(Task material Opens)
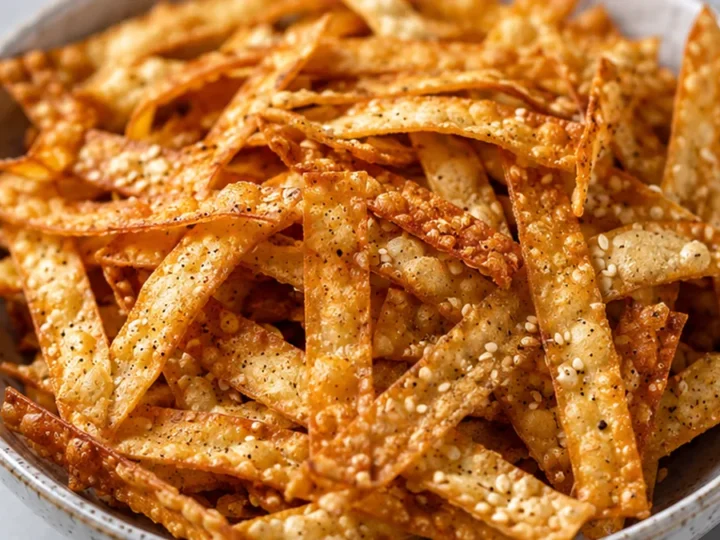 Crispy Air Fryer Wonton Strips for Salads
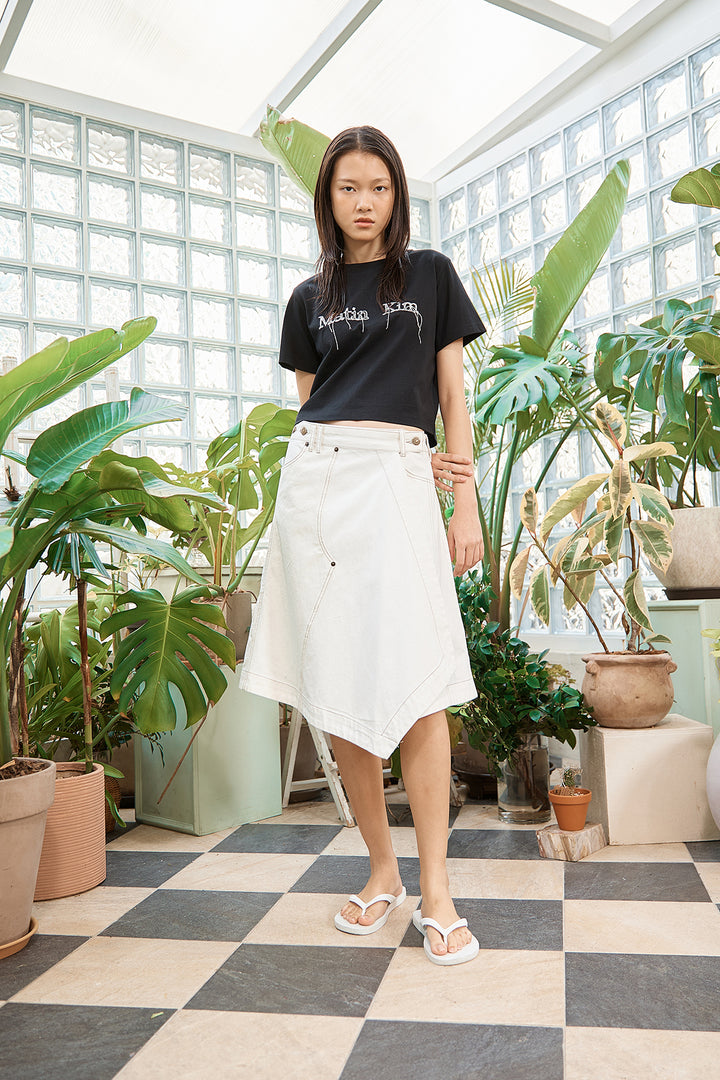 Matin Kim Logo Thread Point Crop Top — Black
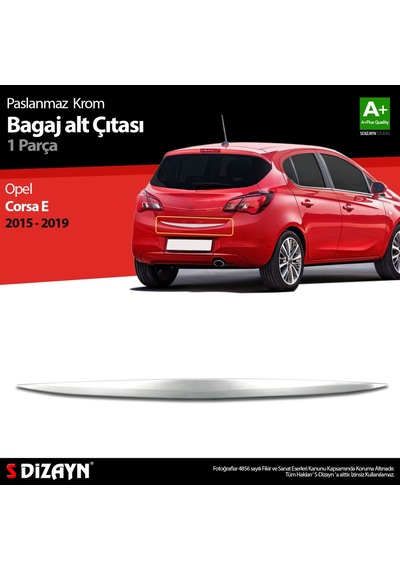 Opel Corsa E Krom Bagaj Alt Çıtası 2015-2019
(Task material Closes)
(Task material Opens)
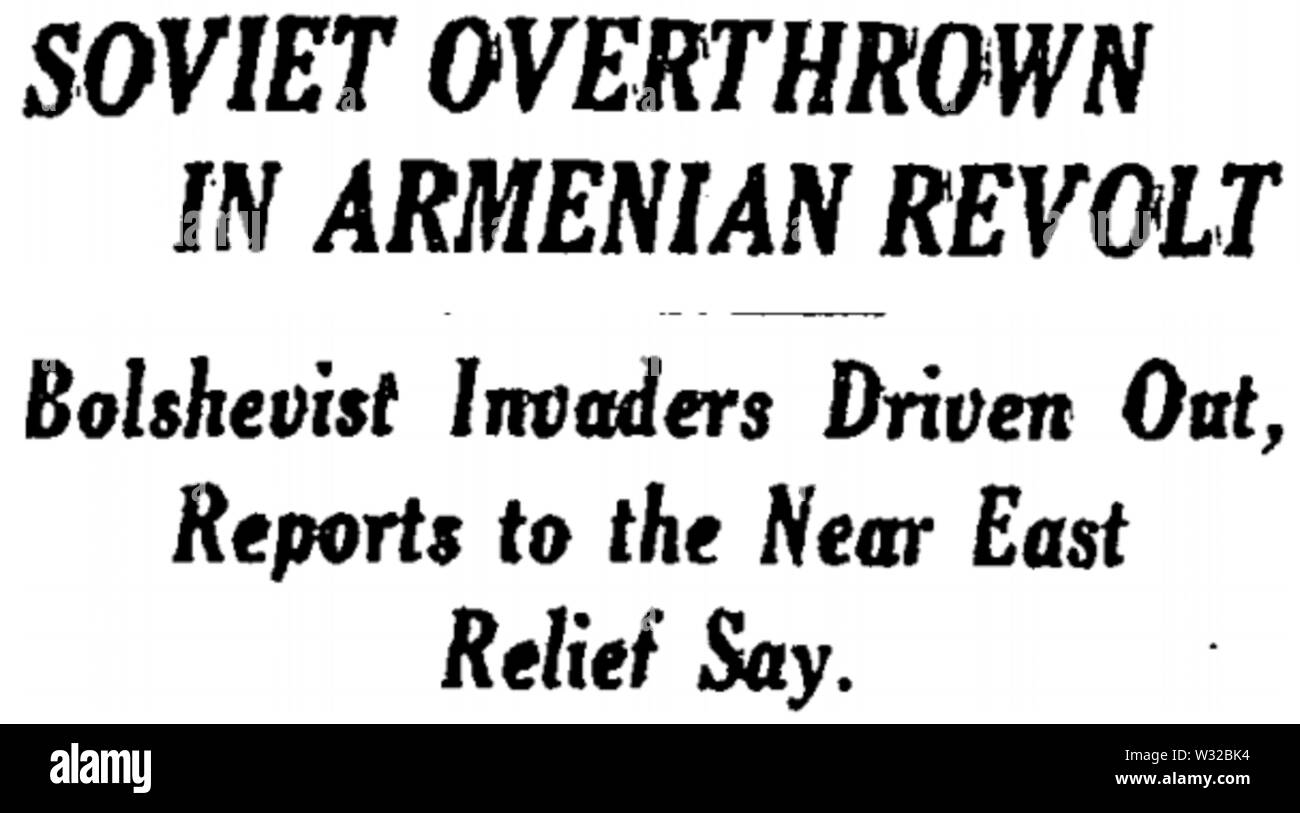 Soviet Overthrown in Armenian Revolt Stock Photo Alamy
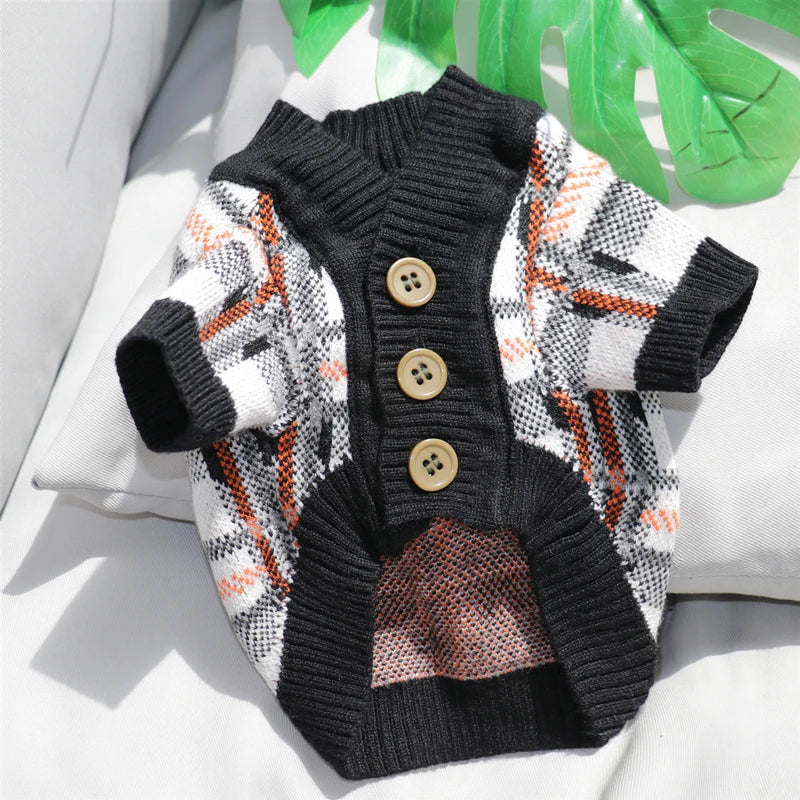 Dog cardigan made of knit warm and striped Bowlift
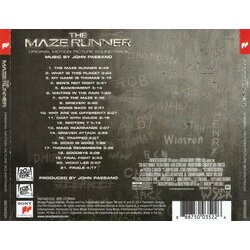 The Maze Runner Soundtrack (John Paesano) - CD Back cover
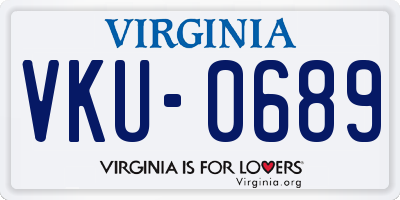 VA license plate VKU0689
(Task material Closes)
(Task material Opens)
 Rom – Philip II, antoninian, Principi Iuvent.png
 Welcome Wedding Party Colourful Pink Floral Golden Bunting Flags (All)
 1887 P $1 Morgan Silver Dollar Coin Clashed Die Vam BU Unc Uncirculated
(Task material Closes)
*Directions:*
Among the records above, locate the line containing "Crispy Air Fryer Wonton Strips for Salads" and the line containing "Opel Corsa E Krom Bagaj Alt Çıtası 2015-2019", then transcribe exactly the lines starting at the first and ending at the second, with no pictures.

*Expected output:*
 Crispy Air Fryer Wonton Strips for Salads
 Matin Kim Logo Thread Point Crop Top — Black
 Opel Corsa E Krom Bagaj Alt Çıtası 2015-2019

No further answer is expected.